START ENTRIES SHOWN
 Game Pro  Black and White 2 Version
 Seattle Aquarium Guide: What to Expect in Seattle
END ENTRIES SHOWN
START ENTRIES SHOWN
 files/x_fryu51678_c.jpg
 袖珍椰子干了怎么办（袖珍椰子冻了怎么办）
END ENTRIES SHOWN
START ENTRIES SHOWN
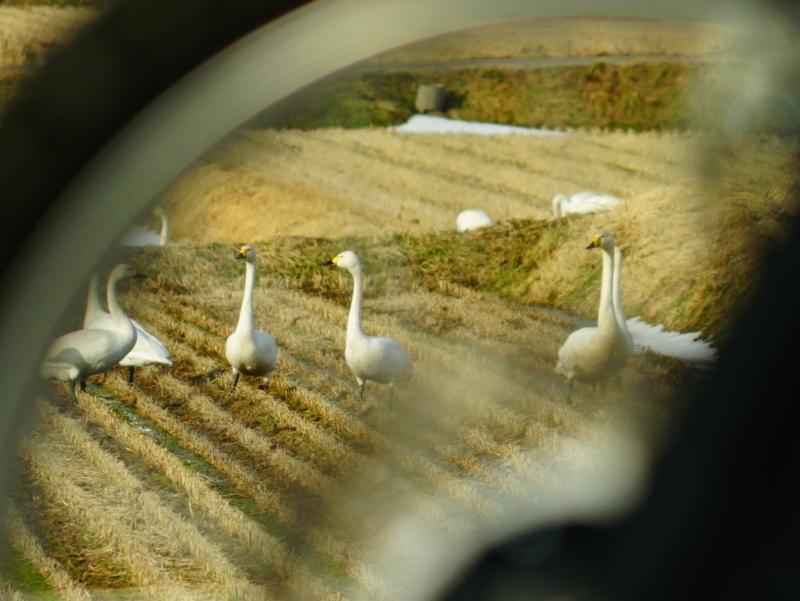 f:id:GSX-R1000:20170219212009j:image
END ENTRIES SHOWN
*DESCRIPTION OF THE TASK*. Reproduce only the lines above, starting at the line with "White 2 Version" and ending at the line with "Seattle Aquarium Guide: What", exactly as written.

*SOLUTION FOR THIS EXERCISE*.
 Game Pro  Black and White 2 Version
 Seattle Aquarium Guide: What to Expect in Seattle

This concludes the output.